When async leaks into user space — through conditional branches or alternate value shapes — we force the user to manually manage consistency, and the declarative model collapses.

// Derived computation forced to branch on async state
const firstInitial = user.loading ? "" : user.name[0];

UI affordances for async—loading indicators, skeletons, fallbacks—are not the problem. Those are presentation concerns. The problem is when async becomes part of the value flowing through the state graph. It forces every consumer to branch. UI can show whatever it wants, but the graph must only ever see real values.

1. Async Must Be Isolated from Commits

Unlike other reactive systems, React’s tight coupling of state and rendering forced it to confront this problem early. When every state change triggers a re-render, you can’t hide inconsistencies behind synchronous derivation. Signals avoid this because everything is always up to date by the time you read it—no re-renders, no orchestration, no wasted work.

But those characteristics only hide a fundamental truth. You cannot let async work interleave with synchronous commits. If a computation is still waiting on async, any writes it performs are speculative.
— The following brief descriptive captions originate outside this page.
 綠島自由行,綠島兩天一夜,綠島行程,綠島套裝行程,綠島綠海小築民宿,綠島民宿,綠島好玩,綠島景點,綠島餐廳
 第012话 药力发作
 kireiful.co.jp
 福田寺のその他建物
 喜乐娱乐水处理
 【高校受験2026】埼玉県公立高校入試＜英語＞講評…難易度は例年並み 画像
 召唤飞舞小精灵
You can’t show the user UI based on state you don’t have yet, because if they interact with it they expect to be interacting with what they see—not some intermediate state the framework is holding.

Consider:

let count = 0;
let doubleCount = count * 2;
function increment() {
  count++;
  console.log(`${count} * 2 = ${doubleCount}`);
}

<button onClick={increment}>{count} * 2 = {doubleCount}</div>

I've used this example many times in the past but it captures the nature of the problem. See:

Ryan Carniato for Playful Programming

Jul 12 '22

The Cost of Consistency in UI Frameworks

#react #vue #svelte #solidjs

369

Comments 41

7 min read

In plain JavaScript, count and doubleCount drift apart. Signals fix this by updating doubleCount on read. But that still leaves the question. When does this update reach the DOM? If you flush immediately (like Solid 1.x), consecutive updates can be expensive. If you don't you don't that acknowledges that some amount of scheduling is inherent to the system.

React was the only system that didn’t update count immediately, and people hated it. But the motivation was sound. React wanted event handlers to see consistent state, and it had no way to update derived values until the component re-ran.

Now imagine the handler is:

function onClick(event) {
  setBooks([]);
  // derived value
  if (booksLength) {
    books[booksLength - 1]
  }
}

If books updates but booksLength doesn’t, you’re reading out of bounds.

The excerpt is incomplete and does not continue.